Exercise aim
Exactly as they appear below, repeat the lines from the one with "Tobey Maguire" through the one with "Reliance, Inc. (RS) logo". Drop every picture.

Supplied material
━━━━━━

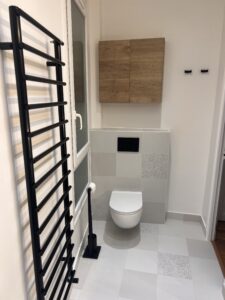 projet rénovation salle de bains saint mandé _byanneceline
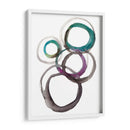 Rondas I - Chariklia Zarris | Cuadro decorativo de Canvas Lab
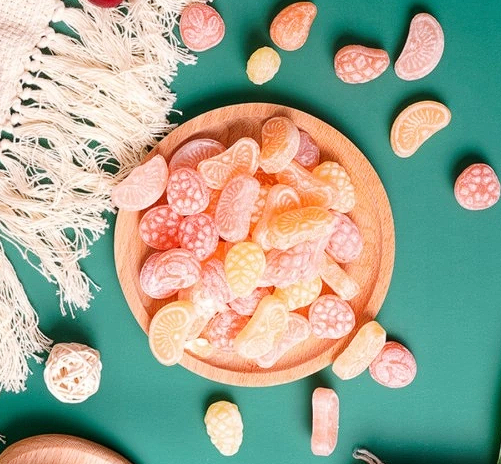 Cukierki Cavendish & Harvey Landrynki 966 g DE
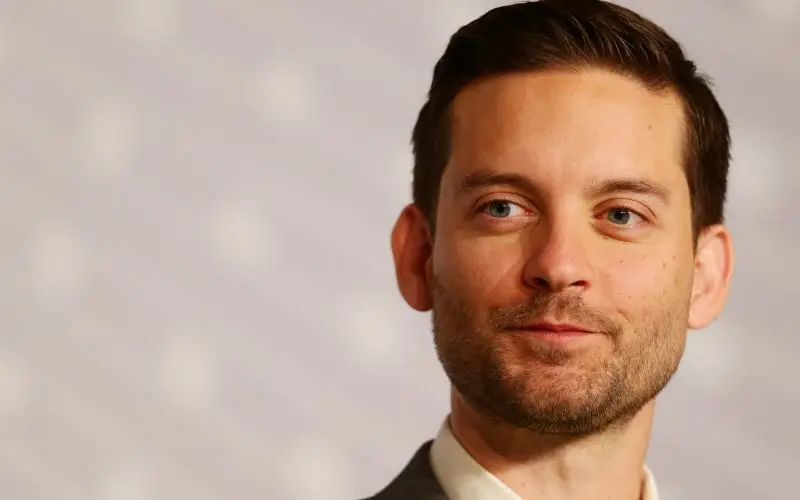 Tobey Maguire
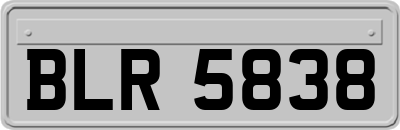 BLR5838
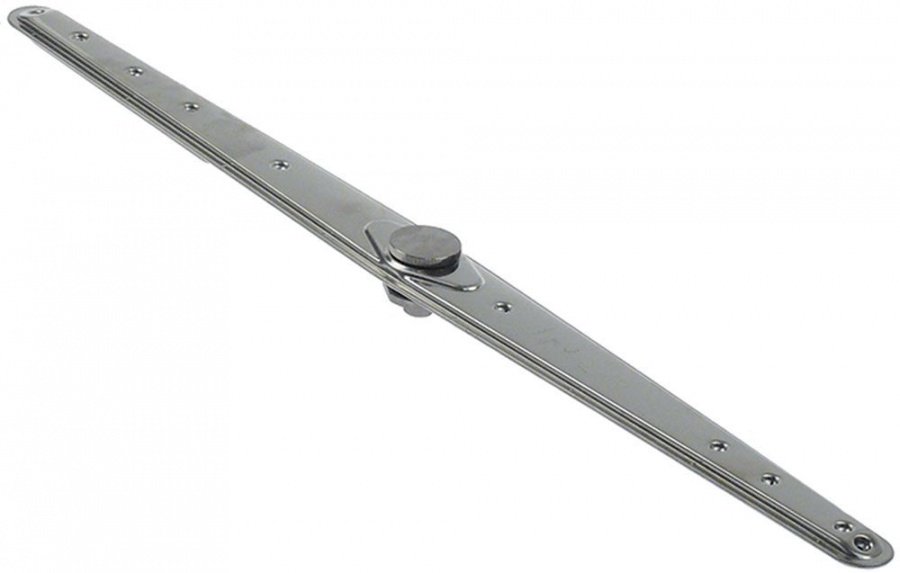 brat de spalare L 497mm duze de spălare 10 complet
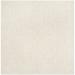 White 0.28 in Indoor Area Rug - Rosdorf Park Marys Floral Hand-Tufted Wool Ivory Area Rug Wool | 0.28 D in | Wayfair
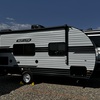 RV for Sale: 2021 Sun Lite 18RD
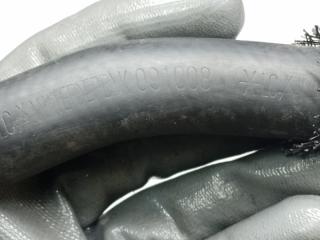 Патрубок радиатора печки RX350/450 09-15 2009 GGL10L 2GR-FXE 3.5L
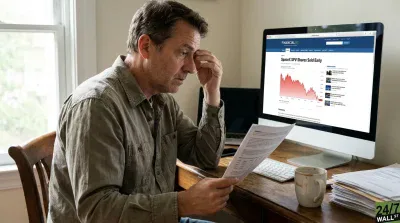 SpaceX Investor Nightmare: He Paid for “Pre-IPO” Exposure, Only to Learn the Shares Were Already Sold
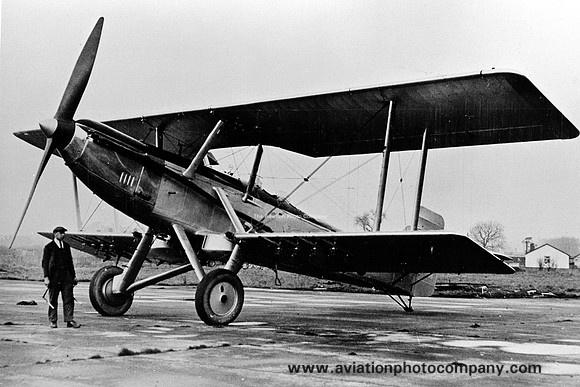 Blackburn M/30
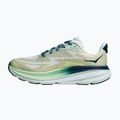 Buty do biegania dziecięce HOKA Clifton 9 droplet/blue twilight 3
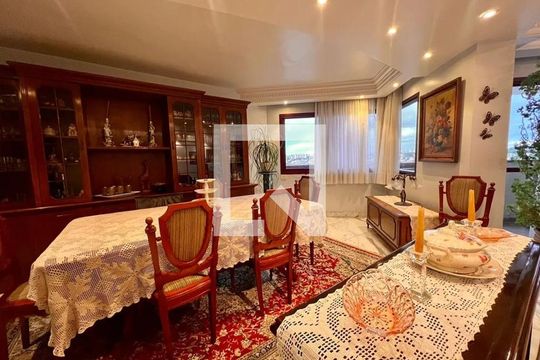Apartamento à venda com 4 quartos, 284m² em Jardim Leonor, São Paulo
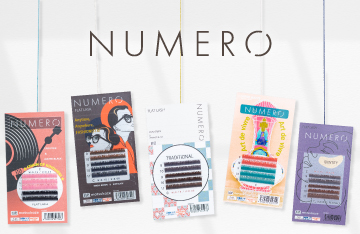 NUMERO（ヌメロ）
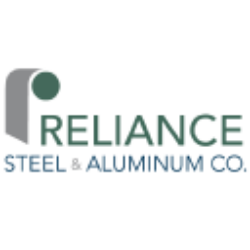 Reliance, Inc. (RS) logo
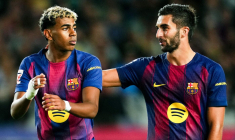 Le FC Barcelone rejoint le Real Madrid en tête de la Liga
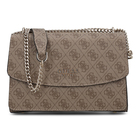 Ženska torba Guess Calista convertible xbody flap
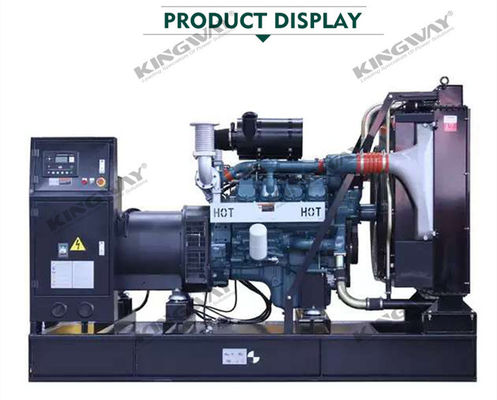 25kw gerador diesel silêncio conjunto 31kva 400v/230v tensão nominal 50/60Hz gerador de frequência diesel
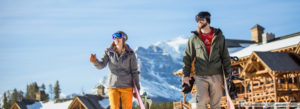 Ski Packages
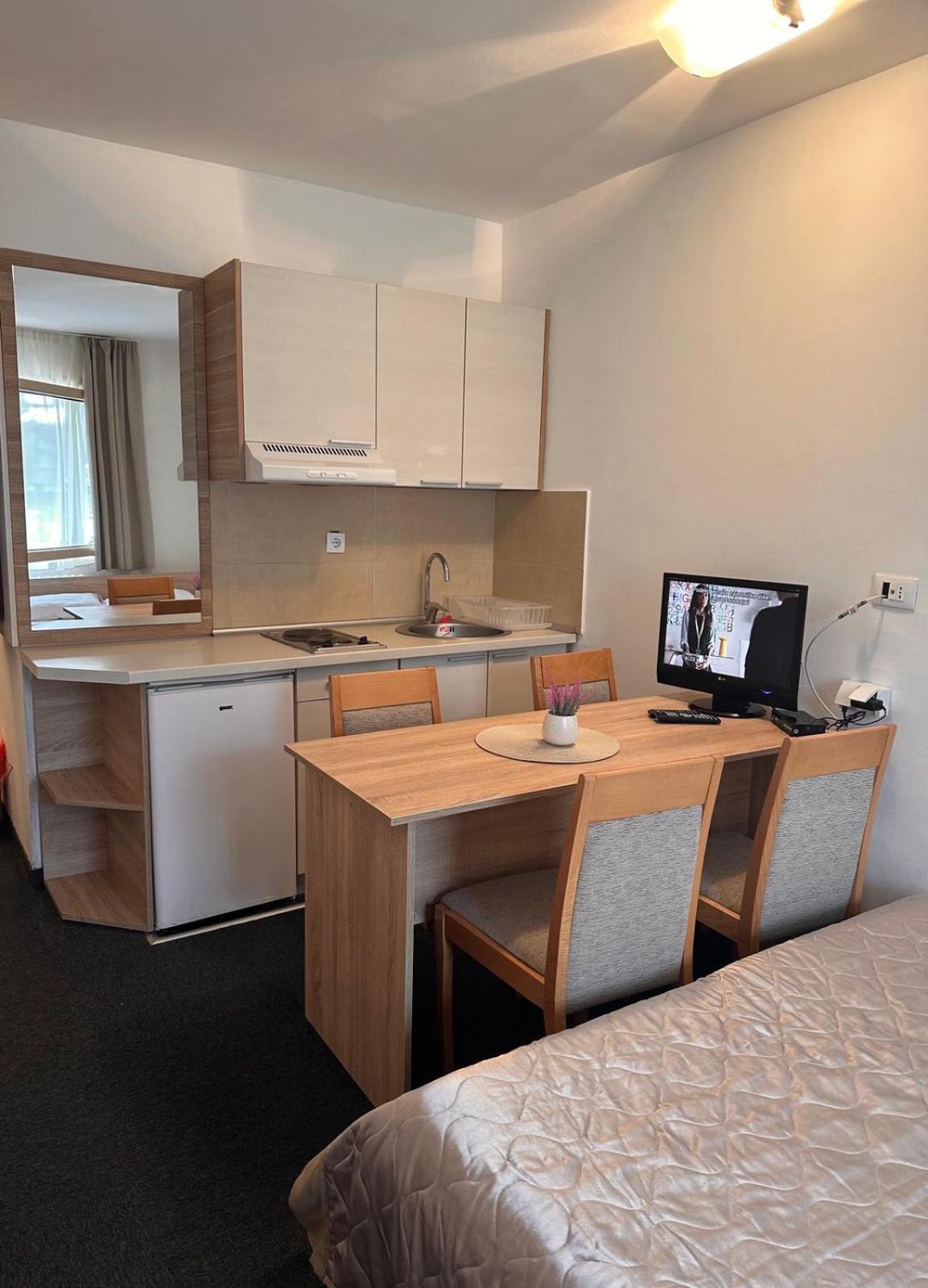 Apartman Masa Kopaonik Kültér fotó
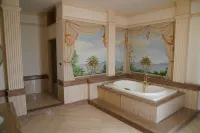 Villa Princi Hotels in Villa San Giovanni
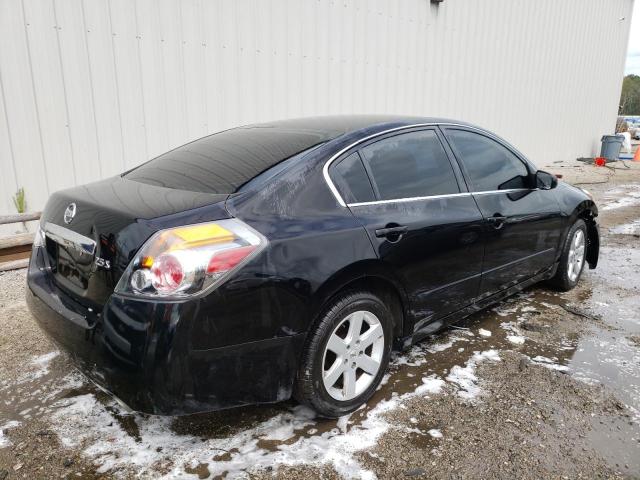 Photo 4 from auction – 2012 NISSAN ALTIMA BAS with VIN 1N4AL2AP8CN453878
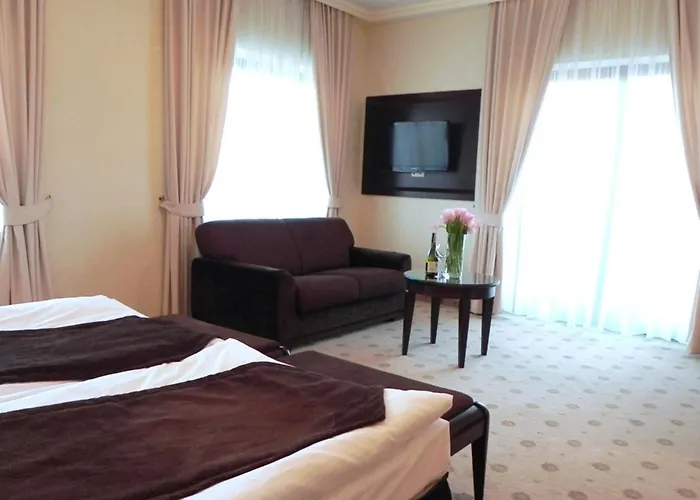 Nocleg ze śniadaniem Zagórze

━━━━━━

Problem solution
 Tobey Maguire
 BLR5838
 brat de spalare L 497mm duze de spălare 10 complet
 White 0.28 in Indoor Area Rug - Rosdorf Park Marys Floral Hand-Tufted Wool Ivory Area Rug Wool | 0.28 D in | Wayfair
 RV for Sale: 2021 Sun Lite 18RD
 Патрубок радиатора печки RX350/450 09-15 2009 GGL10L 2GR-FXE 3.5L
 SpaceX Investor Nightmare: He Paid for “Pre-IPO” Exposure, Only to Learn the Shares Were Already Sold
 Blackburn M/30
 Buty do biegania dziecięce HOKA Clifton 9 droplet/blue twilight 3
Apartamento à venda com 4 quartos, 284m² em Jardim Leonor, São Paulo
 NUMERO（ヌメロ）
 Reliance, Inc. (RS) logo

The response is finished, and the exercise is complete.